The world heavyweight boxing champion and Ukrainian opposition leader Vitali Klitschko has dropped a strong hint that he will stand for his country’s presidency in 2015.
The 42-year-old has campaigned against President Viktor Yanukovych and what he calls authoritarianism in Ukraine.
“I think about the possibility to take part in the presidential election,” Klitschko – nickname Dr Ironfist – told the BBC.
He is an MP in a pro-Western party.
The party is called Udar, which translates as “Punch”, but actually stands for Ukrainian Democratic Alliance for Reforms.
He said the final decision about his possible candidacy would be made in a few months’ time, “after a discussion with civil society in Ukraine”.
“My main goal is for Ukraine to be a European, modern country with European standards of life.
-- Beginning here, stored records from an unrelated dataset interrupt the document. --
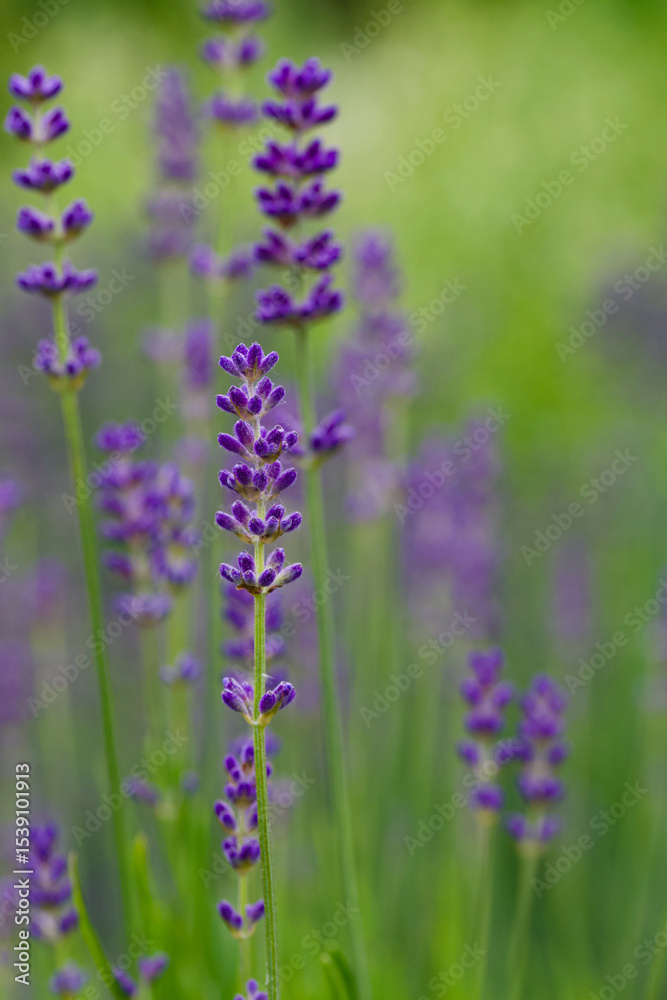 Fototapeta premium Beautiful close-up of lavandula angustifolia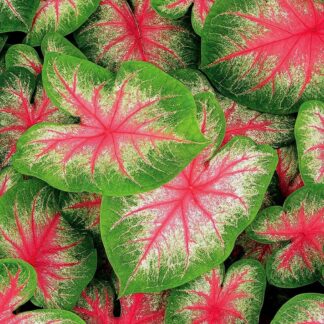 Hlíza Caladium ‘Pink Beauty’ hliza caladium pink beauty jak vypestovat kaladium z hlizy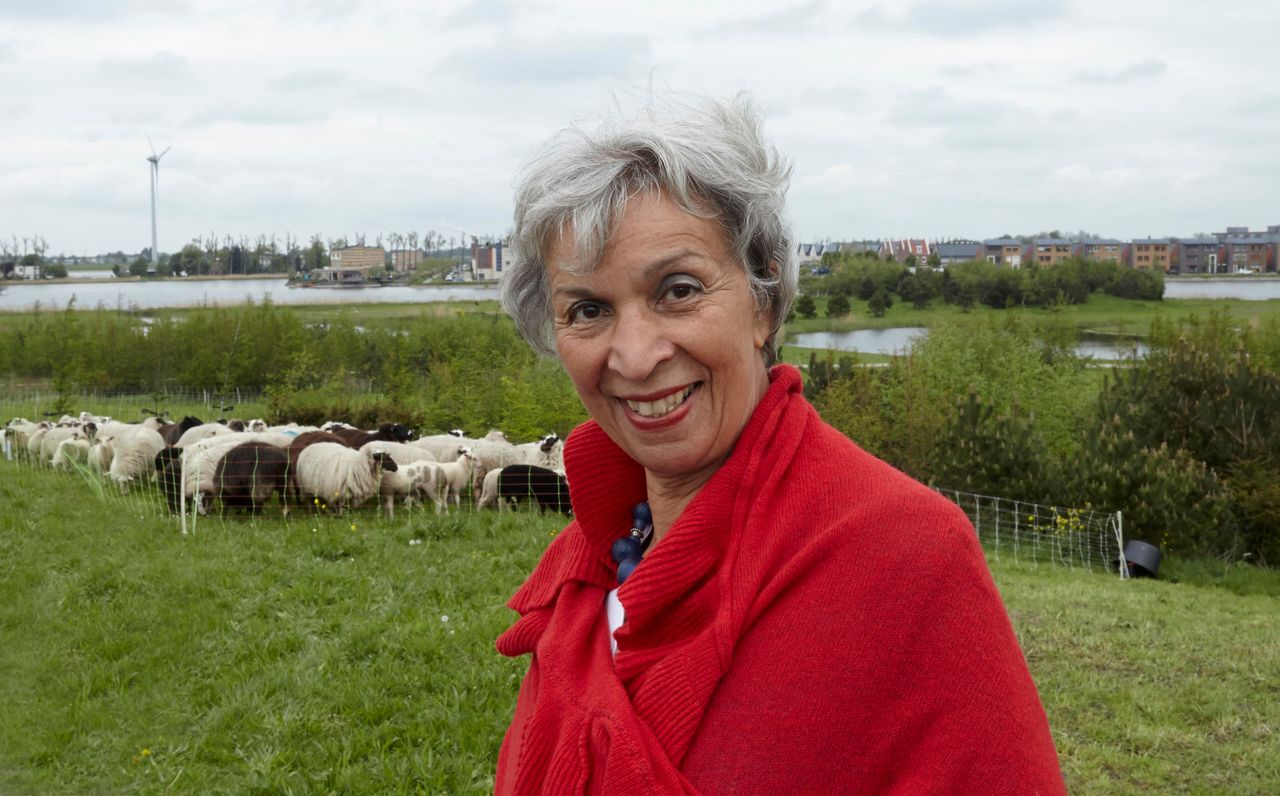 Eugènie Herlaar in een rode jas bij een kudde schapen in Heerhugowaard, 2014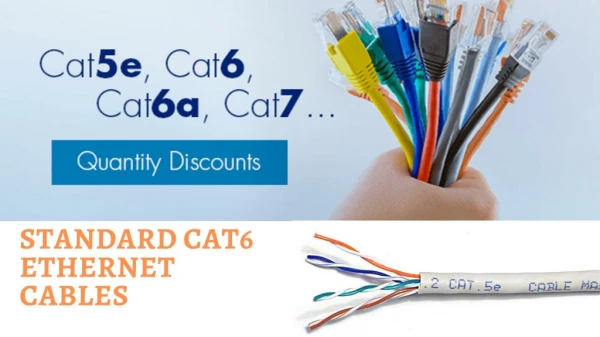 Standard Cat6 Cables - FruityCables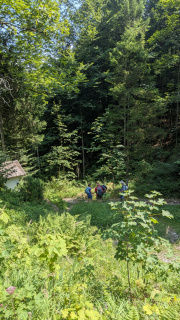PXL_20260731_105810659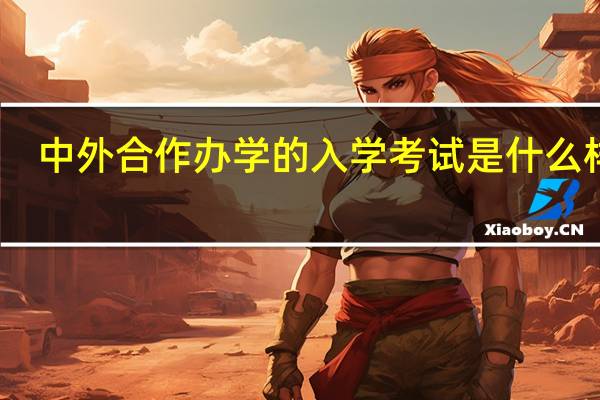中外合作办学的入学考试是什么样的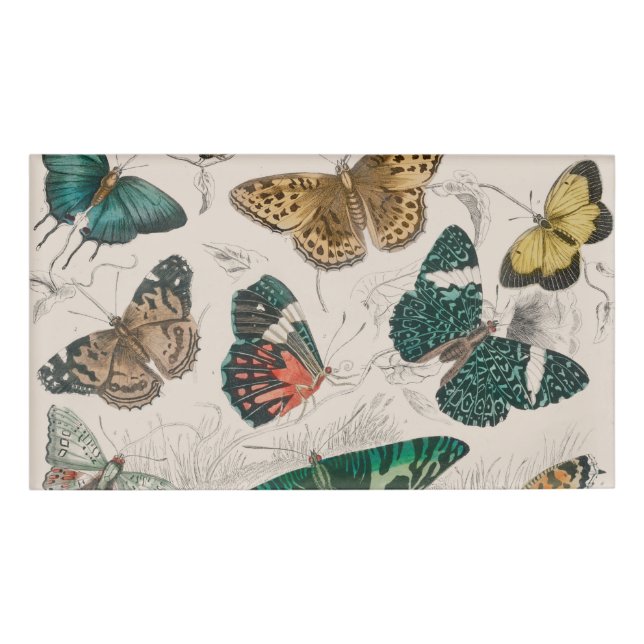 Butterfly Collection Antique Butterflies Name Tag (Front)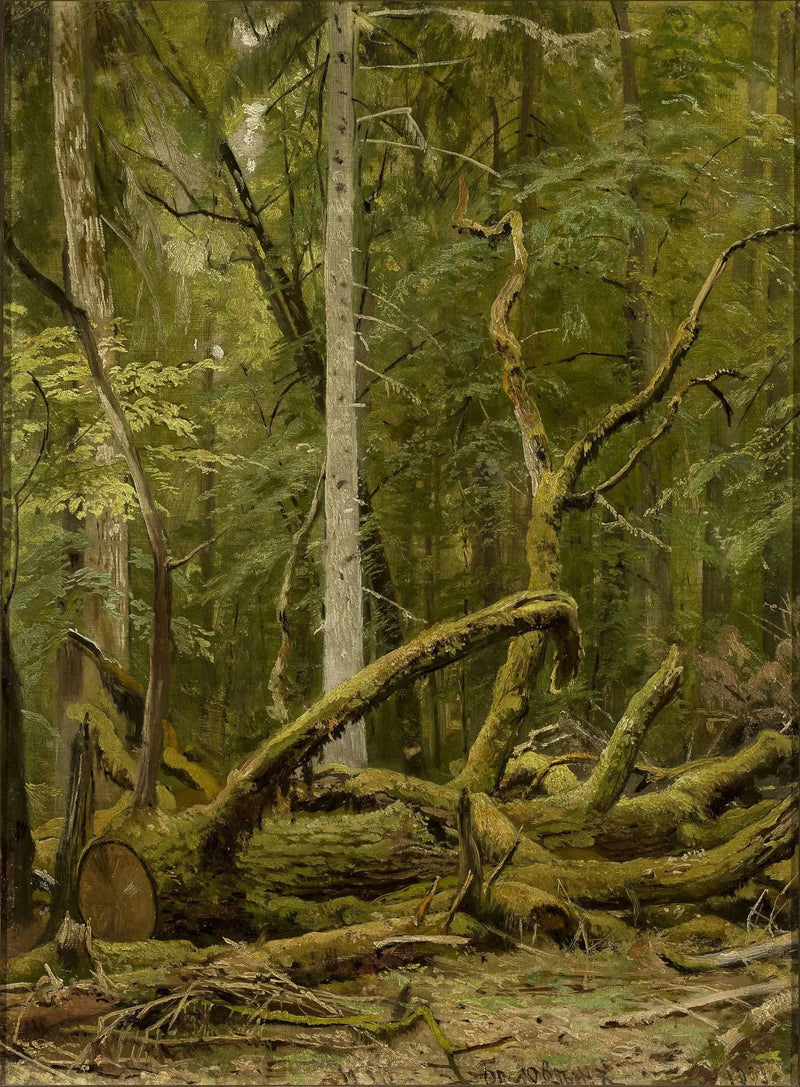Carvalho serrado - Ivan Chichkine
I will decide with people who have the same vision, the same dream, to go into politics and from the inside to change the situation,” he said.
Could that be a campaign speech for a would-be president? “No fight, no win,” he replied with a smile.
It is easy to see why his political opponents might be worried.
Two metres tall (6ft 7in), he is a national celebrity who towers over almost everyone he meets, but still everyone wants to meet him.
Klitschko has had a long-standing interest in politics, previously running for mayor of Kiev.
He has spoken out against corruption in the country and the jailing of Yulia Tymoshenko. The former Ukrainian prime minister was imprisoned for “abuse of office” – a charge that her supporters claim was politically motivated.
“We can’t be a democratic country with political prisoners,” he says.
Klitschko is also pushing to strengthen Ukraine’s links with the EU.
“We see our future in the European family. We are European with our mentality, with our history,” he says.
Ukraine is hoping to sign off on a political association and free trade pact with the EU in Vilnius in November.
But Russian officials have warned against it.
Already this month Russia was accused of temporarily imposing extra customs checks on Ukrainian imports.
“Russia wants to prevent the signing of an agreement between Ukraine and the EU,” states Klitschko.
He insists that Russian threats of economic sanctions are a breach of World Trade Organization rules.
“We have to build a good friendly relationship with all our neighbours.”
And what of his boxing career?
Despite the ambitious move into politics, he insists it is not an end to his days in the ring.
“Sport stays in my heart,” he says.
Currently recovering from a hand injury, Klitschko knows he’ll need to be fully fit to take on his political opponents.
“Ukrainian politics doesn’t have rules,” he muses: “it’s not like boxing”.